#### WHAT IS REQUIRED
Output the span of lines from the one that contains "На оконцах лёд" through the end of the records, inclusive, exactly as written and free of pictures.
--------------------
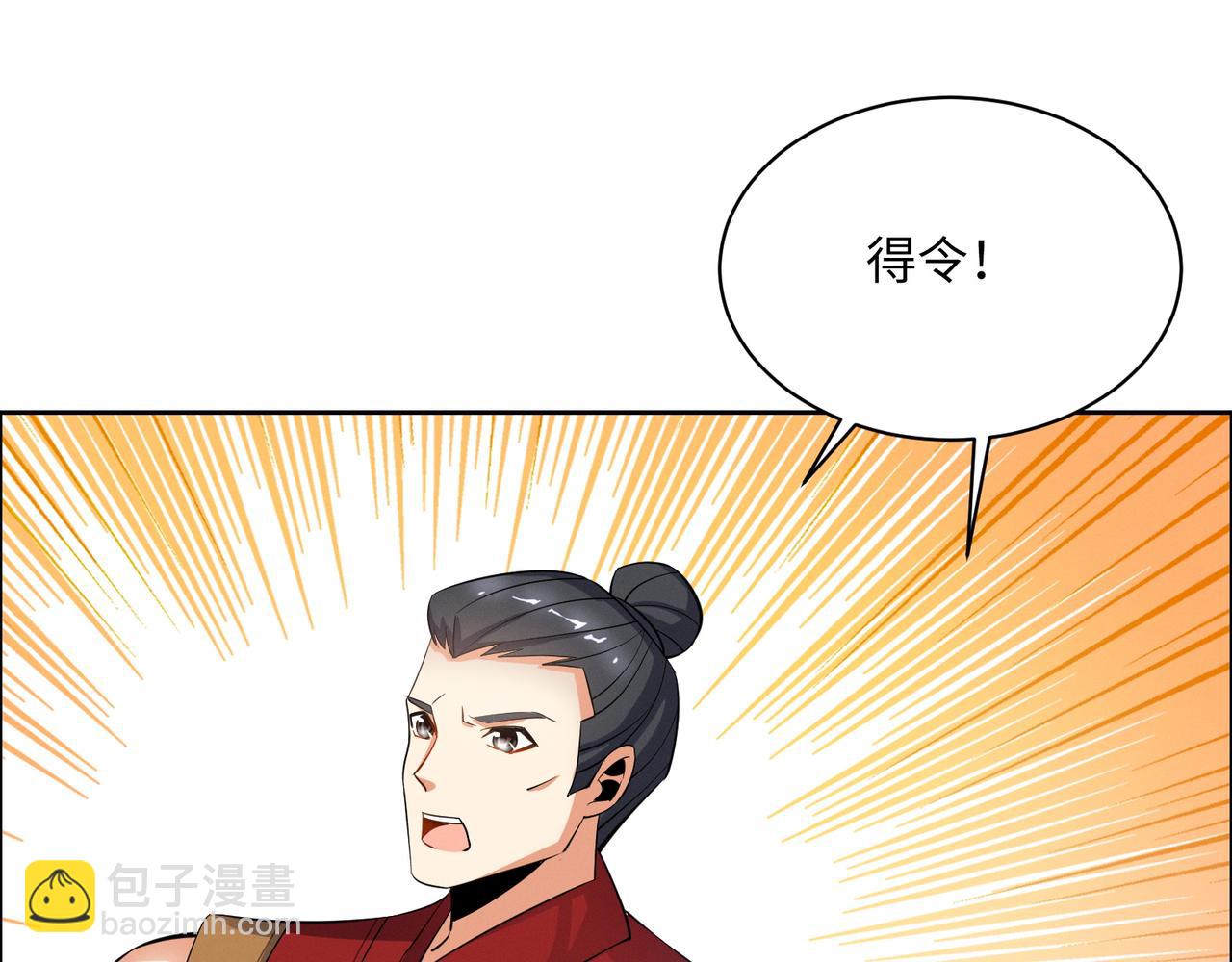 🍣吞下一个修仙世界 第165话 南宫雪的选择？ 第24页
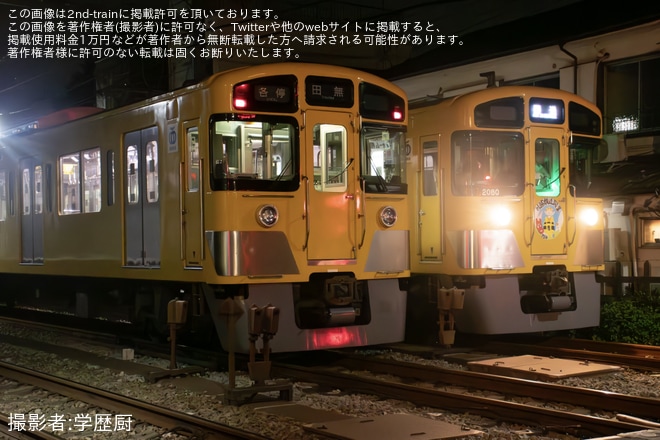 【西武】西武新宿駅で故障した2000系2523Fが救援回送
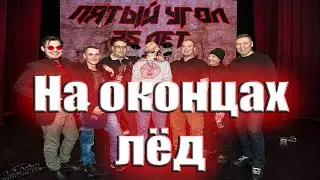 На оконцах лёд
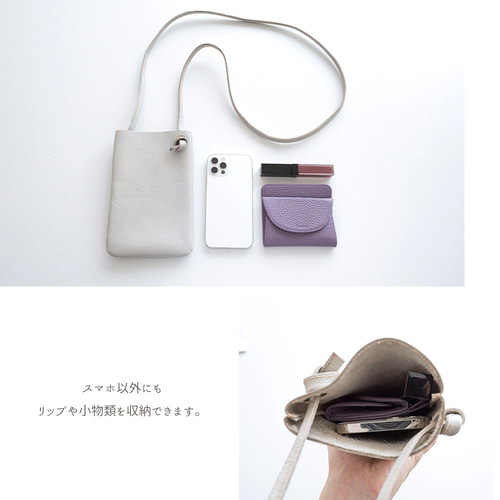 スマホショルダー スマホポーチ 本革 レザー スマホ ポシェット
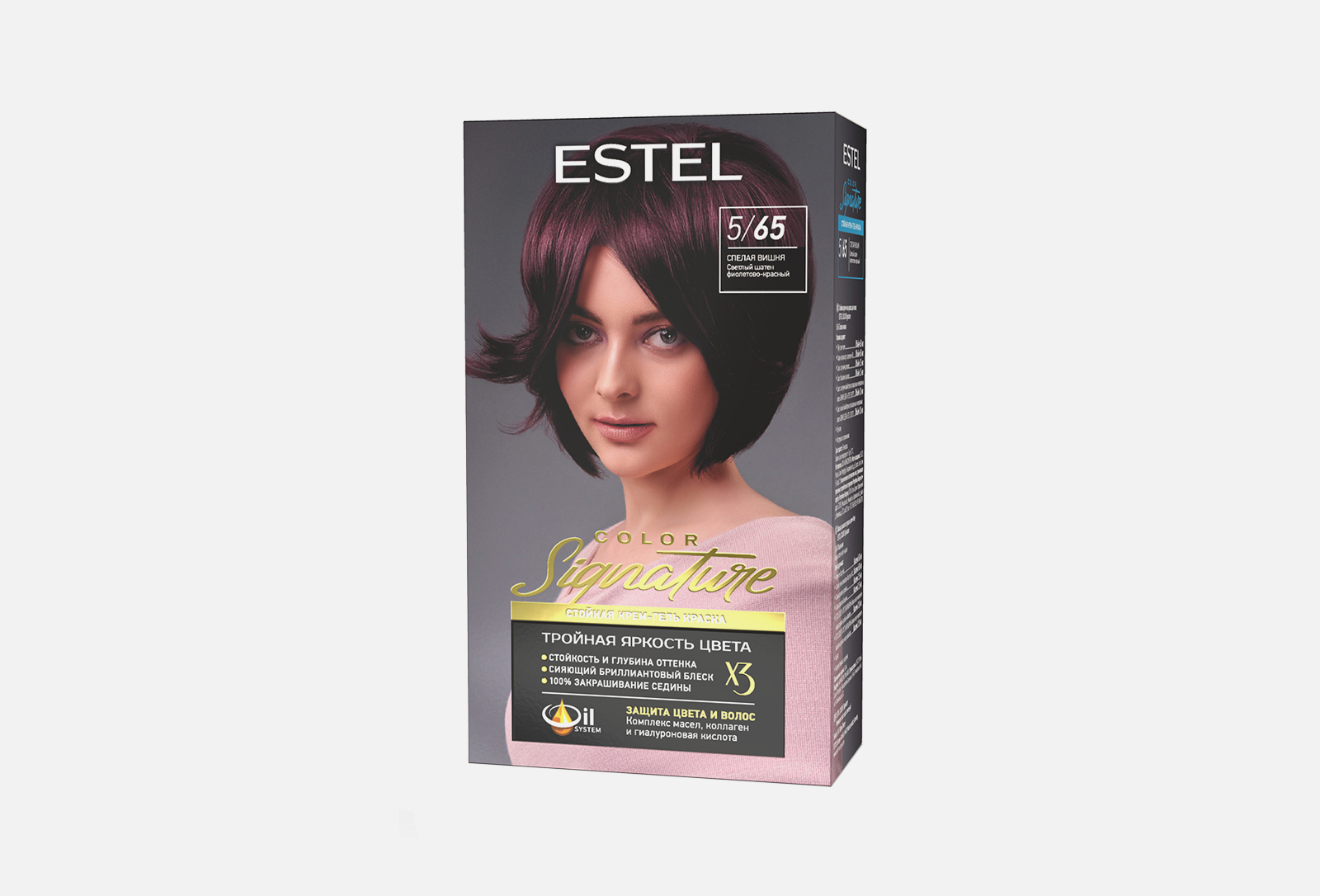 ESTEL Стойкая крем-гель краска для волос COLOR Signature 5/65 Спелая ...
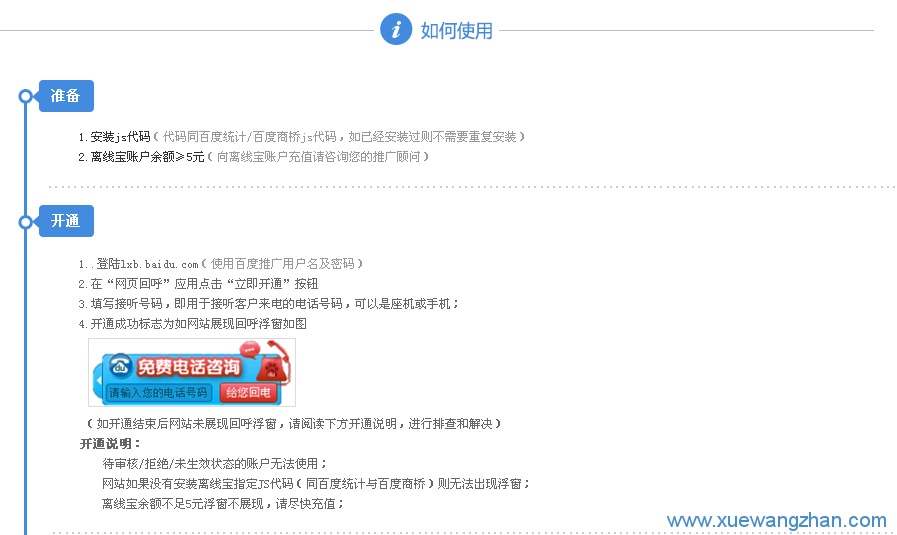 网站在线免费电话咨询功能使用方法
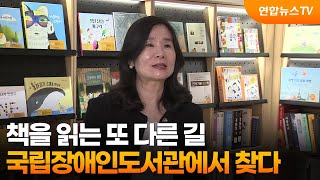 [출근길인터뷰] 책을 읽는 또 다른 길, 국립장애인도서관에서 찾다 / 연합뉴스TV (YonhapnewsTV)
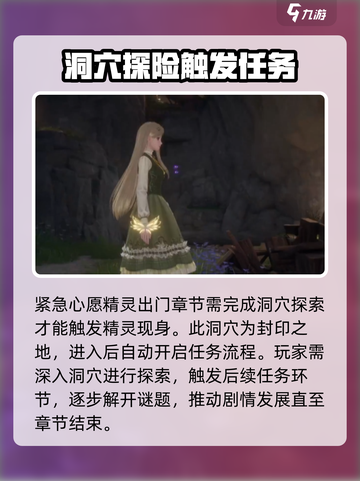 无限暖暖心愿精灵在哪介绍截图3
--------------------
#### ANSWER TO THIS EXERCISE
 На оконцах лёд
 スマホショルダー スマホポーチ 本革 レザー スマホ ポシェット
 ESTEL Стойкая крем-гель краска для волос COLOR Signature 5/65 Спелая ...
 网站在线免费电话咨询功能使用方法
 [출근길인터뷰] 책을 읽는 또 다른 길, 국립장애인도서관에서 찾다 / 연합뉴스TV (YonhapnewsTV)
 无限暖暖心愿精灵在哪介绍截图3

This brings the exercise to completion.